In order to complete this project, we had to literally become one with the oven's materials.  These buckets of clay and sawdust were not going to blend themselves, so it was time to take off the shoes and socks and step right in.

But this wasn't a task for just one set of feet so I'd like to introduce you to Evan's parents Lauren and Bill and our good friend Meghan, the Public Programs Manager from the Stone Barns crew.

There was much to learn, but there was much to do and so as the New Yorker I am, multi-tasking was in order.  Have you ever tried to write and blend clay and sawdust together?  If you have, please share your story, it must be a good one.

Just like working with dough, you have to knead the clay and sawdust mixture until it is evenly blended.  "Burritioing" helps by simply rolling the tarp back and forth pushing everything together (sorry for the technical jargon, but this is very scientific stuff).

Evan explained that a good way to tell when your cob mixture has the proper consistency is to perform a "drop test."  When you drop a small ball of the cob, you want to make sure it's soft, but not like a pancake and firm, but not like a baseball; somewhere in the middle is perfect.

Sorry little buddy, I know you want to help, but we have too many feet already.  There's just not enough room for all of yours.

Since we ran out of clay last time, we had to add an additional 4 inch layer to the inner oven shell.  To start, we re-hydrated the dry segment with water and layered the new cob mixture on top.

Since the final outer layer will be placed on top of this one, we ran our fingers across this material leaving raised streaks that will eventually help the outer layer bind more easily.

Here we see the mastermind admiring his work of art.  Good work sir, good work.

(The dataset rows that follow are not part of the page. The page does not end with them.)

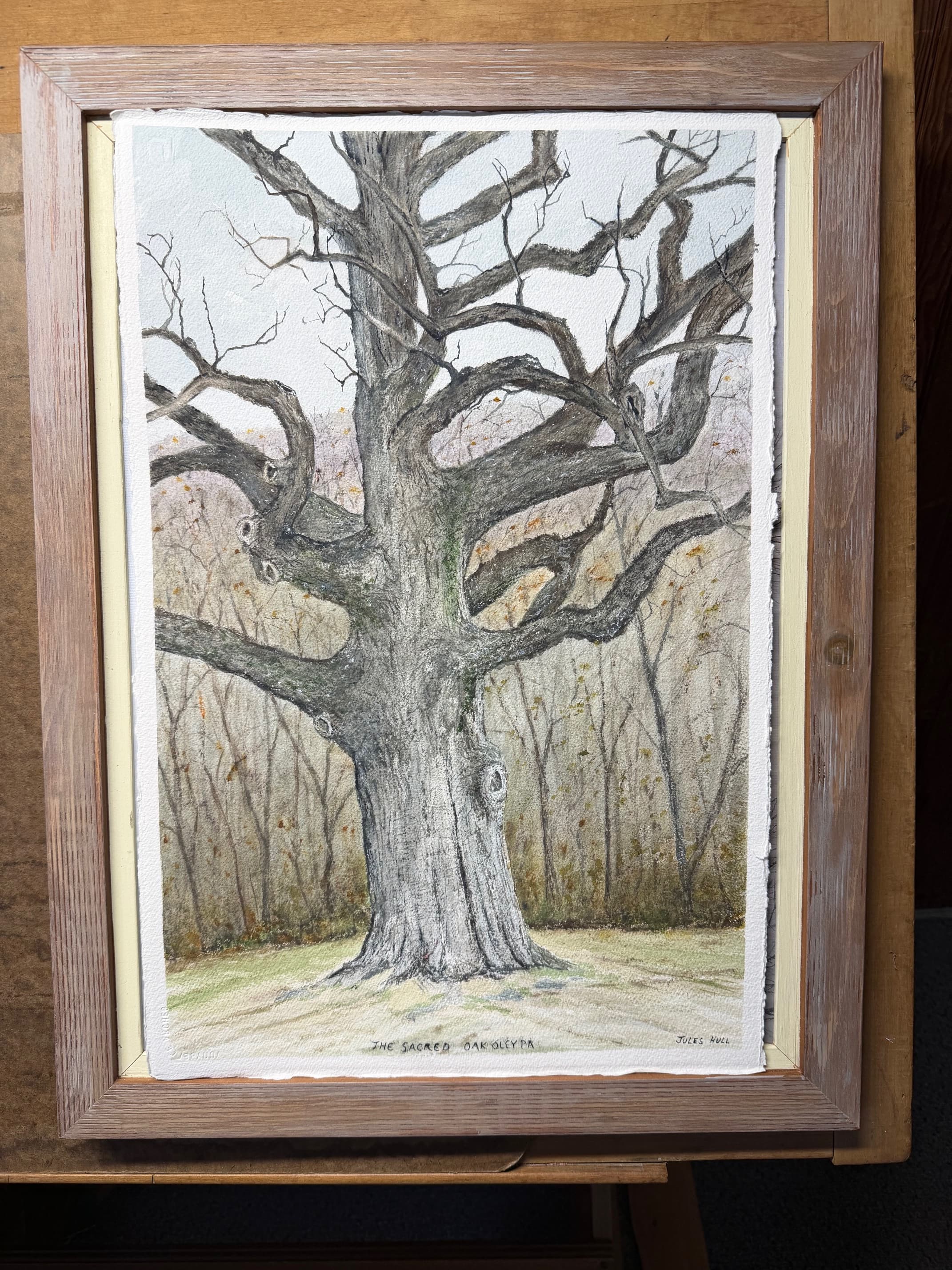 The Sacred Oak Oley PA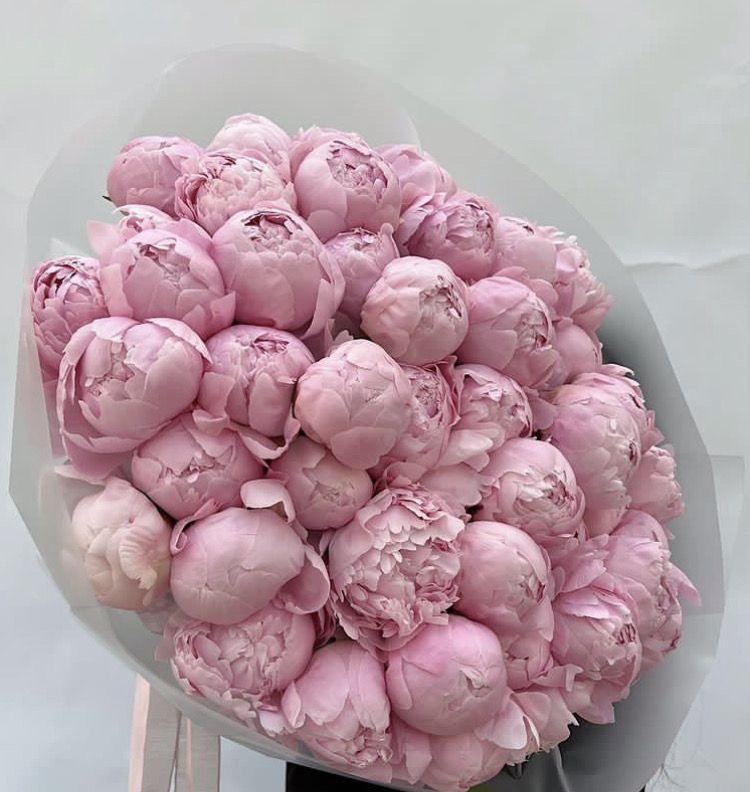 Пион Pillow Talk Soft Pink 25 шт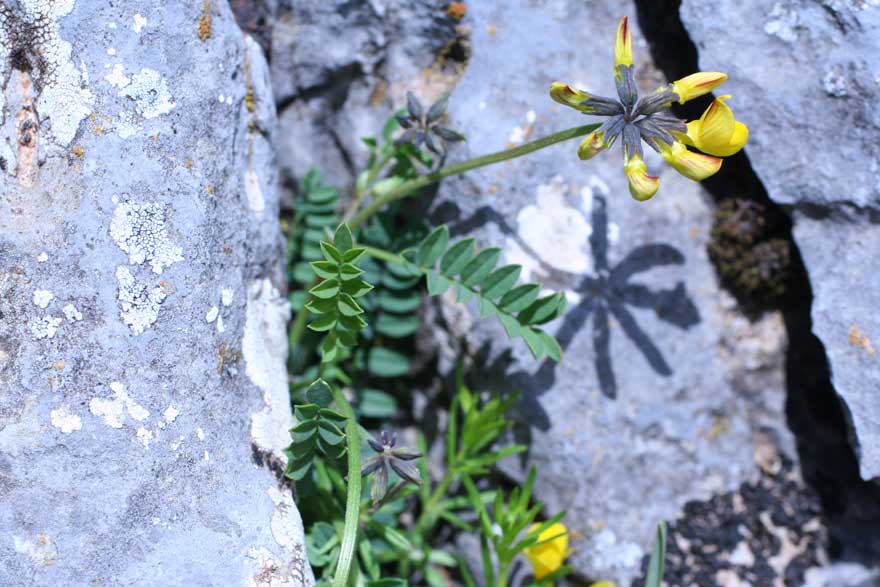 Hippocrepis comosa / Sferracavallo comune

Evan also described the importance of the specific design of this particular structure, which is called a double chamber.  Although subtle, you can see below that the brick arch and chimney (left) make up the first chamber and the baking portion in the back hump of the oven (right) make up the second chamber.  Without the double chamber structure, all the smoke would have to escape back through the oven's mouth, which ends up blackening the oven's outside and wasting a lot of unnecessary energy.  A chimney allows the smoke from the fire in the back of the oven to mix with fresh air from the front of the oven and shoot out the chimney top creating a cleaner and more efficient baking experience.  Since the heat that comes out of the chimney will be in a controlled space, it will even be possible to sauté vegetables on the chimney while the oven is baking.